Podría haber un voto oculto que no estén registrando las encuestas, como sucedió en el Reino Unido con el referéndum sobre el brexit, o en Colombia con el plebiscito por los acuerdos de paz con la guerrilla de las FARC.

En ambos casos los votantes contradijeron a las encuestas; y en ambos casos se trató de un voto contra las élites. Podría Trump dar también la sorpresa.

Si ese es el caso, ningún temor parecería infundado. Un hombre con un temperamento tan impulsivo y volátil al frente de la primera potencia y con el maletín nuclear a mano, ciertamente no inspira sueños apacibles.

Hillary, en cambio, es predecible. Si bien sabemos que esa predictibilidad –y por su
cercanía con los halcones– implica más guerra en Medio Oriente, más de seguir alimentando el conflicto sirio, más de todo ese caos que parece no tener fin, más estrechos vínculos con Arabia Saudita y más demonización de Vladímir Putin y la guerra tibia con Moscú, no va a cometer ninguna locura. Si es que lo de Siria se puede calificar de otra manera.

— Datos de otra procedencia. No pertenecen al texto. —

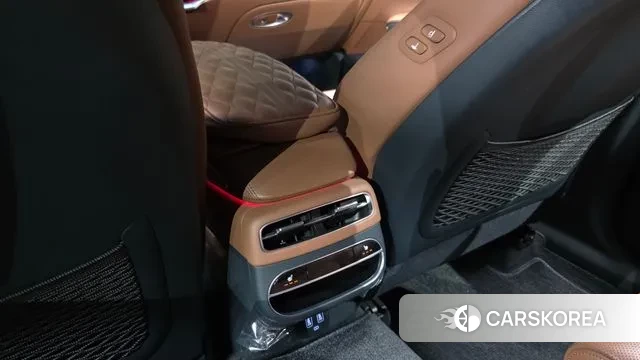 Genesis GV70 id 3342229 из Кореи 10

Pero el caso es que no es de esperar de ella un conflicto a gran escala, una guerra mundial. Con Trump, no lo sabemos. A juzgar por lo que dice, todo parece indicar que haría las paces con
Putin.

Esto no es necesariamente malo, habida cuenta de lo que ese enfrentamiento de baja intensidad con Moscú le ha deparado al mundo.

Pero es Donald Trump; todo en él es impredecible.